There are two schools of thought with the show’s approach to Shaun’s autism. One is that it presents an overly critical view of those with autism – in his case, his value is only based on his medical skills enhanced by his conditions, displayed in the show by Shaun looking passively into space as graphics display complicated medical formula and case studies on screen. In other words, without this his autism would prevent him from being a functional part of the world. But Highmore went to pains to point out that Shaun is portrayed as just one person encountering these conditions and is not supposed to be an accurate blueprint of what life is like for those with autism.

The other is the more positive side of the coin – that understanding of autism in the viewer is enhanced by Shaun’s success.

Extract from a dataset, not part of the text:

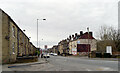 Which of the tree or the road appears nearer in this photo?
the road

There are many uncomfortable moments where Shaun finds himself overwhelmed, and where his social challenges cause him to be too cold and honest when dealing with patients…but undoubtedly Shaun is somewhat of an antihero in his role, and throughout the seven series we are always rooting for him, not specifically because of his condition, but because he is a good person.

The Good Doctor

Whatever your viewpoint on the specific challenges face by Dr Shaun Murphy, it was a successful run for The Good Doctor, helping it carve a spot in the genre all of its own, and for that one can only applaud the producers, writers and stars.